Proft is a principal of Local Government Information Services, which owns this publication.
State Representative Allen Skillicorn, (R-East Dundee)
| http://www.ilga.gov/house/Rep.asp?MemberID=2497
As of Wednesday, Illinois lawmakers had three days to finish work on a compromise budget before the end of the special legislative session called by Gov. Bruce Rauner. Reports from Springfield indicate that a budget deal would most likely include Democrat-mandated tax hikes and GOP-required property tax reform.
Skillicorn said Republicans don’t want to increase taxes, but they don't have the General Assembly majority and are not negotiating from a position of strength; however, in a special session, approval requires a three-fifths majority, so GOP votes are required.
He argued that Republicans need to cut the fat from any budget proposal, including their own, which includes a substantial spending bill, according to the Illinois News Network.
“When I read that budget, and I read about that $169 million, and a quarter million dollars to the Village of St.

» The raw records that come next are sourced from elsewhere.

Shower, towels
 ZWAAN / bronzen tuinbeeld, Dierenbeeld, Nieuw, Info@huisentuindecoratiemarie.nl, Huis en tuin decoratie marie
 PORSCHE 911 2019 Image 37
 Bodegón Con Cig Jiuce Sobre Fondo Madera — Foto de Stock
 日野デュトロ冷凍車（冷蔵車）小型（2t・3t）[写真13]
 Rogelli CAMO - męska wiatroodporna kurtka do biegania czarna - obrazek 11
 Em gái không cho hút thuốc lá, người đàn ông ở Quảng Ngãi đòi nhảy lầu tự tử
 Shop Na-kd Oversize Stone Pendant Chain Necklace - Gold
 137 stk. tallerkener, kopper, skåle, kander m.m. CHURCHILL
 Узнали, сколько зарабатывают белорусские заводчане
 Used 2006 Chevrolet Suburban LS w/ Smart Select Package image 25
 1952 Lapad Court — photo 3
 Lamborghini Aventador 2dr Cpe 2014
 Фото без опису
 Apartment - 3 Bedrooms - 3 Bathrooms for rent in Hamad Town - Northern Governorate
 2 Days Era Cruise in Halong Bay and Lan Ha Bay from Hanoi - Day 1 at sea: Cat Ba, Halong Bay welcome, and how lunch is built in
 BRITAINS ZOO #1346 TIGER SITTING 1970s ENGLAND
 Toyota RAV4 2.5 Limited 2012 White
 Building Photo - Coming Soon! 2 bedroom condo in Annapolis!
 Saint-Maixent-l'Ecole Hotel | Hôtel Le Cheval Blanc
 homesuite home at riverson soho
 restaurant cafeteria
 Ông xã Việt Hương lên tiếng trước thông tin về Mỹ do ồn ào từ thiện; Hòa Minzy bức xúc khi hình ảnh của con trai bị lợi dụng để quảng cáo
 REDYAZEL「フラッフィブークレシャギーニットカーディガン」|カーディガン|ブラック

Charles, and $65,000 for a Puerto Rican museum, I almost threw up in my mouth,” Skillicorn said. “I can’t stand for it. I was embarrassed to be a Republican when I read that.”
The Illinois Policy Institute and Sens. Dan McConchie (R-Hawthorne Woods) and Kyle McCarter (R-Lebanon) have introduced balanced budget proposals without tax increases, and Skillicorn said he used their proposals as a framework for his own.
“I call it the ‘Right Now’ budget,'” Skillicorn said. “I spent the last month in Springfield adding up numbers and working late nights trying to figure out a budget, and the math is there. If we implement reforms we can pass a balanced budget that doesn’t hike taxes.”